The industrial warehouses that make up this area of Greenpoint make this bar a diamond in the rough (pun very much intended). The essence of this bar is a lowkey establishment that doesn’t have the longest tap list (8), but certainly one of the most carefully crafted. Pairing regional brews from the northeastern US and beyond with time-tested staples from Europe, The Diamond is often a smaller brewery’s introduction to the New York beer scene.

Barcade
388 Union Avenue, Williamsburg, Brooklyn (718-302-6464) barcadebrooklyn.com

Appealing to the beer drinker’s inner child, this bar juxtaposes old-school cabinet-style arcade games with an imposing selection of craft beer on draught. You wanna rock some classic Super Mario Bros? They got it. How about trying your hand at Tapper, Budweiser’s 1983 video game where you play a bartender slinging suds for thirsty customers? Just don’t drop your beer while shooting for that high score.

Blind Tiger
281 Bleeker Street, West Village, Manhattan (212-462-4682) blindtigeralehouse.com

Voted one of the top ten beer bars in the country by Beeradvocate Magazine, The Blind Tiger has been a champion of the New York beer scene for 12 years. Besides having 28 taps (including three casks) and a long bottle list, their cellar has been aging beer for many years, giving you the opportunity to try something like a 2000 JW Lees Harvest Ale. With such quality, it’s easy to see why this bar has lasted as long as it has.

George Keeley’s
485 Amsterdam Avenue, Upper West Side, Manhattan (212-843-0251)
georgekeeley.com

Imagine an Irish pub with a scope beyond Guinness and Smithwick’s.
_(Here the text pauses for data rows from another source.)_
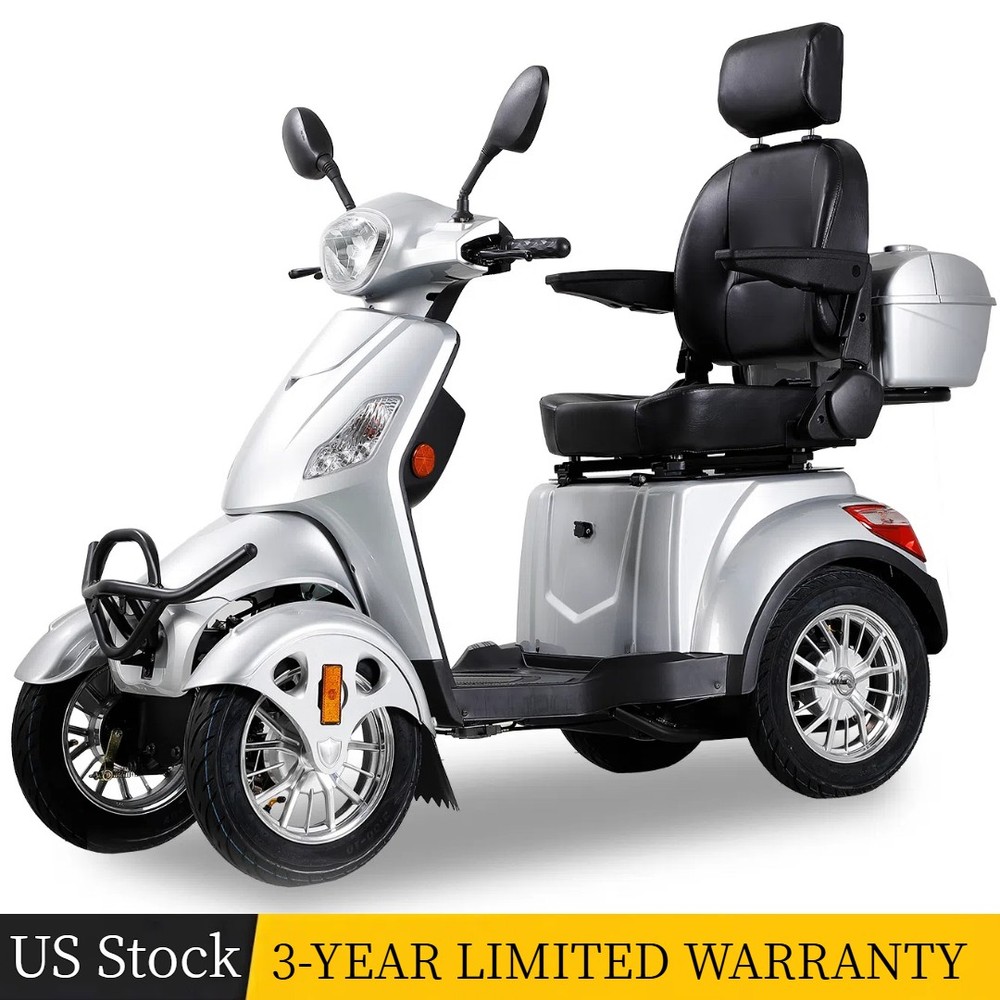 800W Heavy Duty Electric Mobility Scooter 4 Wheel for Adult Senior 30Miles 500lb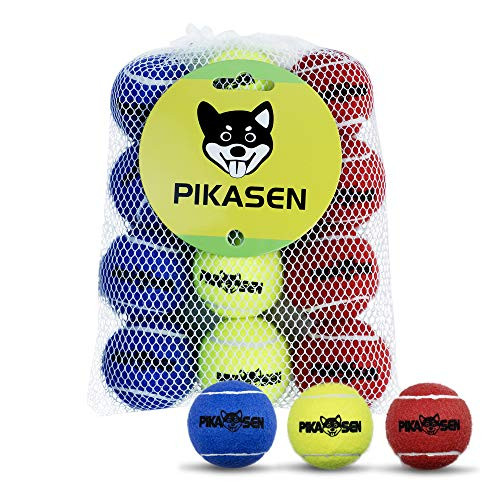 PIKASEN Dog Squeaky Tennis Balls for Pet Playing in 3 Sizes Premium Strong Dog   Puppy Balls for Training Play Exercise The Easiest Color for Dogs Red Yellow Blue Medium-12pack
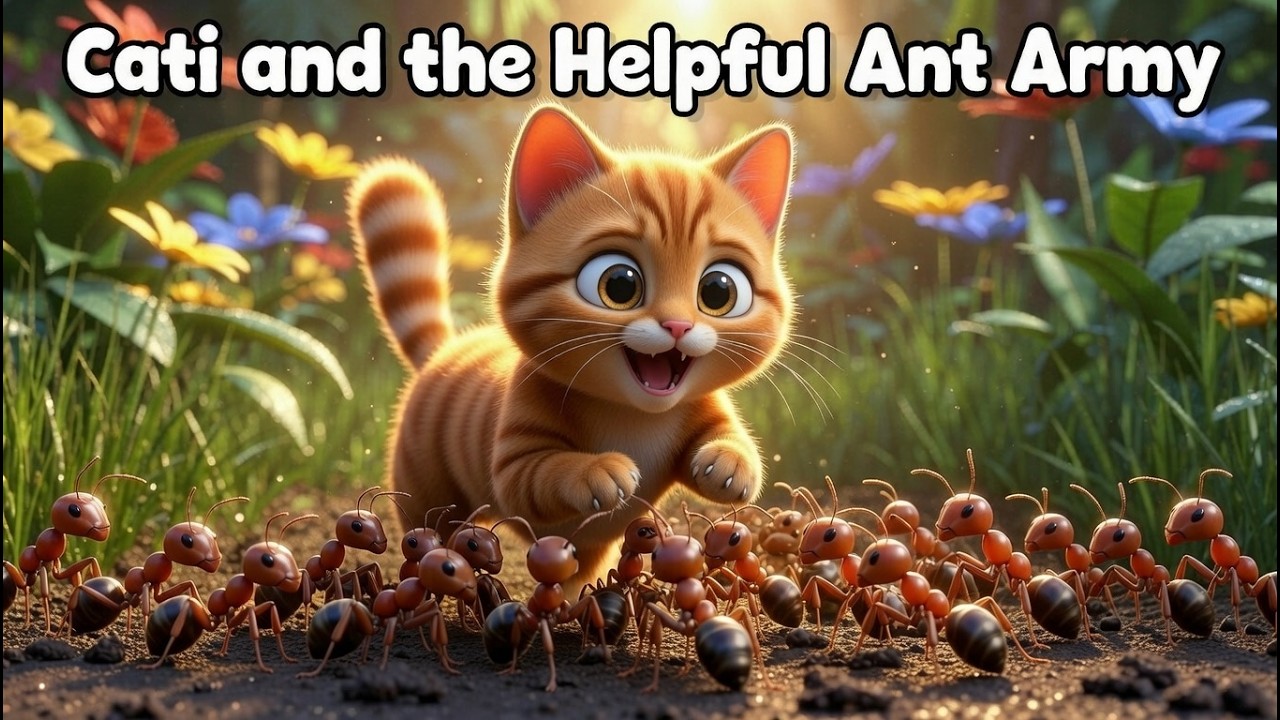 Cati & the Helpful Ant Army|A Cute Moral Story for Kids#cutecat #kidslearning #moralstory #trending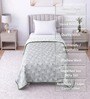 Green Cotton Floral 300 GSM Single Bed Reversible Dohar
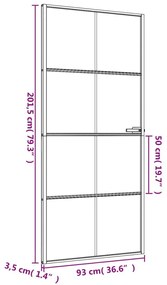 Εσωτερική Πόρτα Μαύρη 93 x 201,5 εκ. Ψημένο Γυαλί &amp; Αλουμίνιο - Μαύρο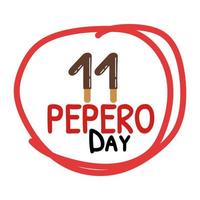 Pepero-Tageskalenderdatum-Vektorillustration lokalisiert auf Weiß vektor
Rather than a bunch of drunks sipping their Jameson and beer-backs, there’s a bunch of beer geeks debating the differences between a black and tan and a half and half. Euro football on the tube, 21 taps, and some fine pub fare from the kitchen draw in the crowds.

Chelsea Brewing Company
Chelsea Piers, Pier 59 (18th Street), West Village, Manhattan (212-336-6440)
chelseabrewingco.com

New York’s ONLY BREW PUB. Yes, the only bar where the beer is made and served on the premises. They have the monopoly on a market where, in cities one-third the size of New York, there is five or six times as many brewpubs. Needless to say, this beer is good, fresh and has dominated the scene since the mid-ninties. What’s more, that view over the Hudson can’t be beat.